WHAT TO PRODUCE:
From the first line through the line containing "Macaron Rond 7,6", transcribe the records exactly and include no other lines.

Brief descriptive captions:
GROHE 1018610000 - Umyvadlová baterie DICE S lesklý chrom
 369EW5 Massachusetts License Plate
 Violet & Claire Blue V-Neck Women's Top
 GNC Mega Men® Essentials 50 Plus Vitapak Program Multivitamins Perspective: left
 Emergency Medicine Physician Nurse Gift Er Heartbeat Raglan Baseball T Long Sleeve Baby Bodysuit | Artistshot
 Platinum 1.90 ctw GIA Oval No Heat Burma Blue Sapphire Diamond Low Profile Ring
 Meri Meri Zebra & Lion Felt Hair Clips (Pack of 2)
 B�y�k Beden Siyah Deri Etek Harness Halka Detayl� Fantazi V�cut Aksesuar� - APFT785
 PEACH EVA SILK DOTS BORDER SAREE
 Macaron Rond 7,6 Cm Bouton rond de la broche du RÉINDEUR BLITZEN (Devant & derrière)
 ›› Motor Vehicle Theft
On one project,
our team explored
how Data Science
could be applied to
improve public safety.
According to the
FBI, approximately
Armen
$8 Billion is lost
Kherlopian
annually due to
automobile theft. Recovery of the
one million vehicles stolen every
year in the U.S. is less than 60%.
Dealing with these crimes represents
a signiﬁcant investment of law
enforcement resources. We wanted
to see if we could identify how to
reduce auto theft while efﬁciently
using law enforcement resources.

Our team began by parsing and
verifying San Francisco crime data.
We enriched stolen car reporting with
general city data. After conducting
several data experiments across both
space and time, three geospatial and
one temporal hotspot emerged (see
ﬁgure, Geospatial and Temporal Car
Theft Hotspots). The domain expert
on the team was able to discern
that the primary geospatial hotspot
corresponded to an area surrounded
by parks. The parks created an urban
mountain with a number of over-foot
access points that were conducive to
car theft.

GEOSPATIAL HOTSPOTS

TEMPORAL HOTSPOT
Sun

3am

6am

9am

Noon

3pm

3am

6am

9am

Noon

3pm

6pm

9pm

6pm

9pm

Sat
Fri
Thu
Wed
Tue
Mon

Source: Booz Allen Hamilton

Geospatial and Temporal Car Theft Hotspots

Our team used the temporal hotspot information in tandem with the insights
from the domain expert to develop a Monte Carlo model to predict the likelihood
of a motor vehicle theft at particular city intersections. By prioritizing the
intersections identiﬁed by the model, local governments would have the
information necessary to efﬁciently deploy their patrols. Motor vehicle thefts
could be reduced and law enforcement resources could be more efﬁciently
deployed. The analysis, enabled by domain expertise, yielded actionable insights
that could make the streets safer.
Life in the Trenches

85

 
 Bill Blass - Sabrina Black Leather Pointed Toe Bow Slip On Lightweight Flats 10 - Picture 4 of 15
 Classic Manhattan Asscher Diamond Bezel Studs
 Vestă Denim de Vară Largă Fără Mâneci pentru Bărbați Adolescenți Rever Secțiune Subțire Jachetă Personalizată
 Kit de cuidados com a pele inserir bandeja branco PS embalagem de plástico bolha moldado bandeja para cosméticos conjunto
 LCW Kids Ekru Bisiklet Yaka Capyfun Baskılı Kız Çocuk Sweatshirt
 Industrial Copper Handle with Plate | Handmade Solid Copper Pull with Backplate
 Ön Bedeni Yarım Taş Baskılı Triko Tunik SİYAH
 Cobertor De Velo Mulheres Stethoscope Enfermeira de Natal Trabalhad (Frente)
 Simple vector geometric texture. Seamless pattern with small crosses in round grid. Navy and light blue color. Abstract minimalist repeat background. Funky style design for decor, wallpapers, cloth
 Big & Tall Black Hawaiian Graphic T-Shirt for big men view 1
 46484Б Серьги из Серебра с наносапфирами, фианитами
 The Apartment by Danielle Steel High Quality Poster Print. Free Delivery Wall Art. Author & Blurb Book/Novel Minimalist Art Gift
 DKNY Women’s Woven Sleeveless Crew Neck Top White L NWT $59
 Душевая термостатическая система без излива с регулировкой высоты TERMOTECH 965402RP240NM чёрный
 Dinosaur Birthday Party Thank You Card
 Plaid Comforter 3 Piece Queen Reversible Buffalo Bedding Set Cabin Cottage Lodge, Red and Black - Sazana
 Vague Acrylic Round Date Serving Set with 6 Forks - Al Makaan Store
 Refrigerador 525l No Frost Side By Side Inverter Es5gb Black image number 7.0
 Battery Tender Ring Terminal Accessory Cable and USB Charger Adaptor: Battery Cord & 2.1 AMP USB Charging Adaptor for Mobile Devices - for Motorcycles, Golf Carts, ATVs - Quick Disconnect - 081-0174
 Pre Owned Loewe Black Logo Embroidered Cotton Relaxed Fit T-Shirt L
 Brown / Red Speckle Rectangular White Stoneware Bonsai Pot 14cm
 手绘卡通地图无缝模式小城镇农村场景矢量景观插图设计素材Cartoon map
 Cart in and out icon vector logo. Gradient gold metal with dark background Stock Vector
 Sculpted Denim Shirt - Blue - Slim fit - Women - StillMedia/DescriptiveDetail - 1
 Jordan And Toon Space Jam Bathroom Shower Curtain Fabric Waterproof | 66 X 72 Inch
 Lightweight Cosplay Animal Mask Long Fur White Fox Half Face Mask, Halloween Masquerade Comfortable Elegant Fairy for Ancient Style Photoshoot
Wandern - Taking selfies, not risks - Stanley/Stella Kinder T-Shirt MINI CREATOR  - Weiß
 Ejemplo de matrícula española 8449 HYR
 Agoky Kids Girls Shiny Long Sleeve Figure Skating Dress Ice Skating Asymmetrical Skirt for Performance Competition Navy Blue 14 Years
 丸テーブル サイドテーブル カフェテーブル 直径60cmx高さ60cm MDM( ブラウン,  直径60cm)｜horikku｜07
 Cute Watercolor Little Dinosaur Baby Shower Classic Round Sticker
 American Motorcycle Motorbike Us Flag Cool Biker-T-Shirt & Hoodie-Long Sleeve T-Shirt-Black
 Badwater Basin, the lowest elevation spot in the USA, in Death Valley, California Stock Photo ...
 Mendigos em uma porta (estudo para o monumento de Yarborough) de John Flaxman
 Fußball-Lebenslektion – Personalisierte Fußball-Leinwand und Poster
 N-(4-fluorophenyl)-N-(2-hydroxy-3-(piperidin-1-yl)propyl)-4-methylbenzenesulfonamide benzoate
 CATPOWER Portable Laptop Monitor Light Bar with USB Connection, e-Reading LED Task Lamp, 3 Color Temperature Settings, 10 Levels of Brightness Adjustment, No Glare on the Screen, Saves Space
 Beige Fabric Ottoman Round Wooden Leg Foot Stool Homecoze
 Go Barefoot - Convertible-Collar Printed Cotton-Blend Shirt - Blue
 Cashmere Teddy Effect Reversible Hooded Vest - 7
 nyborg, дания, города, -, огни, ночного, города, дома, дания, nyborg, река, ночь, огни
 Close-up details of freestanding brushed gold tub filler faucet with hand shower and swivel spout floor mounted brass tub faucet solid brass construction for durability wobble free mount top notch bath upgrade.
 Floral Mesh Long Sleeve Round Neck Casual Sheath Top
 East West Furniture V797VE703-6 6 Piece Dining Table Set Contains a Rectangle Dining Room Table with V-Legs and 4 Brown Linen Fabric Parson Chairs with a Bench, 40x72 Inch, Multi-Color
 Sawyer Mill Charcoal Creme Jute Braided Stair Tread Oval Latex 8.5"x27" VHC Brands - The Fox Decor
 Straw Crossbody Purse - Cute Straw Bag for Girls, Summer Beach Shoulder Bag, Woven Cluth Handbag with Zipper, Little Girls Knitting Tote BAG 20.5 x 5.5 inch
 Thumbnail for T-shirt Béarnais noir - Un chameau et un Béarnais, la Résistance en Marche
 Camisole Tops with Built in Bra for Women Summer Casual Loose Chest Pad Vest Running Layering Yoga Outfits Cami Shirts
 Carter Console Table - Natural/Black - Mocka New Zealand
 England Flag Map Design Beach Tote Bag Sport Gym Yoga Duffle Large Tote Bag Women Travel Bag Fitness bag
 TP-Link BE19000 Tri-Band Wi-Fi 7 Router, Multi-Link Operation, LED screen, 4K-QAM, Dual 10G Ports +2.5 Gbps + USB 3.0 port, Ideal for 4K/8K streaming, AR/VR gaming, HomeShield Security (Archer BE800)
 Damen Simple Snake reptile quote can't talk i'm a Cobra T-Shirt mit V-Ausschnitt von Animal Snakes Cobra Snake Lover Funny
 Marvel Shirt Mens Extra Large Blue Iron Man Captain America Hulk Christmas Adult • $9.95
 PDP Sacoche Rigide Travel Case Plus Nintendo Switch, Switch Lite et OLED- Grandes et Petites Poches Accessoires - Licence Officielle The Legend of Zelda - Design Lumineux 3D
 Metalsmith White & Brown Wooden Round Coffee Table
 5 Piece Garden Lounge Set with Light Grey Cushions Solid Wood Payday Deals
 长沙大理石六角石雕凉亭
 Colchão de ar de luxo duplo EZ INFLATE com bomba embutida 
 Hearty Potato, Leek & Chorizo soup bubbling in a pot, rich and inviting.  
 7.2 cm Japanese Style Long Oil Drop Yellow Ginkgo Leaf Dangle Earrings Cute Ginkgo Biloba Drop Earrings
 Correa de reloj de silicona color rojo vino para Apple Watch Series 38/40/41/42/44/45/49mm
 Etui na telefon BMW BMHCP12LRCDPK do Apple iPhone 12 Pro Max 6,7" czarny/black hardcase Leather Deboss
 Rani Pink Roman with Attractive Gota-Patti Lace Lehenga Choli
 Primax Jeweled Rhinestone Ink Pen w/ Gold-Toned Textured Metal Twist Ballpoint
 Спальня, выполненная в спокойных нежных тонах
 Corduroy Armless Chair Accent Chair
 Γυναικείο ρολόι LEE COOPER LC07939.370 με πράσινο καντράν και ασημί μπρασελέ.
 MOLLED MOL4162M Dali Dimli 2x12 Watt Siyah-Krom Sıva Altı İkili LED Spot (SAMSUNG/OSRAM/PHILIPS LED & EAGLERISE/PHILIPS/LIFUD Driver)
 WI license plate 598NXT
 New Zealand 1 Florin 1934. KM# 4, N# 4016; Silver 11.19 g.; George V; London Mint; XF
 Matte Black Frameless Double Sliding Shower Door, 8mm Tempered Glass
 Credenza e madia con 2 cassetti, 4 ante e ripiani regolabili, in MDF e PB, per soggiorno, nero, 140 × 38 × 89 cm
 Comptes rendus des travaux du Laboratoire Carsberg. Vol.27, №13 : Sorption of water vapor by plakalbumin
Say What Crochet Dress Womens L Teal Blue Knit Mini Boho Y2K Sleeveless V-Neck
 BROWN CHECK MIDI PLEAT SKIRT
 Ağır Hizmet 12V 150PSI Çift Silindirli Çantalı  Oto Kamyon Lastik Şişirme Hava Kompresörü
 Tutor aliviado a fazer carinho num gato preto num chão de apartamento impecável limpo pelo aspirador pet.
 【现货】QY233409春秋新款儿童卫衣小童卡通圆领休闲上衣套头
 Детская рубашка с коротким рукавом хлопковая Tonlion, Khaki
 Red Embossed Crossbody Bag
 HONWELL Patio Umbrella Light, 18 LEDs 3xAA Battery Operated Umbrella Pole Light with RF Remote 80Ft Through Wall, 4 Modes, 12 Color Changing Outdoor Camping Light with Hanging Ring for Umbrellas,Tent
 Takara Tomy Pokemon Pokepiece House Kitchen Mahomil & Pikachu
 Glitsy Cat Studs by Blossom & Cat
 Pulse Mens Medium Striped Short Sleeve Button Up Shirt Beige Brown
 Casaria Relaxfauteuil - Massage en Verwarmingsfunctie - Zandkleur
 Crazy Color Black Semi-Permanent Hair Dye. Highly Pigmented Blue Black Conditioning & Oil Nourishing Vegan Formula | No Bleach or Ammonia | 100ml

RESULT FOR THIS TASK:
GROHE 1018610000 - Umyvadlová baterie DICE S lesklý chrom
 369EW5 Massachusetts License Plate
 Violet & Claire Blue V-Neck Women's Top
 GNC Mega Men® Essentials 50 Plus Vitapak Program Multivitamins Perspective: left
 Emergency Medicine Physician Nurse Gift Er Heartbeat Raglan Baseball T Long Sleeve Baby Bodysuit | Artistshot
 Platinum 1.90 ctw GIA Oval No Heat Burma Blue Sapphire Diamond Low Profile Ring
 Meri Meri Zebra & Lion Felt Hair Clips (Pack of 2)
 B�y�k Beden Siyah Deri Etek Harness Halka Detayl� Fantazi V�cut Aksesuar� - APFT785
 PEACH EVA SILK DOTS BORDER SAREE
 Macaron Rond 7,6 Cm Bouton rond de la broche du RÉINDEUR BLITZEN (Devant & derrière)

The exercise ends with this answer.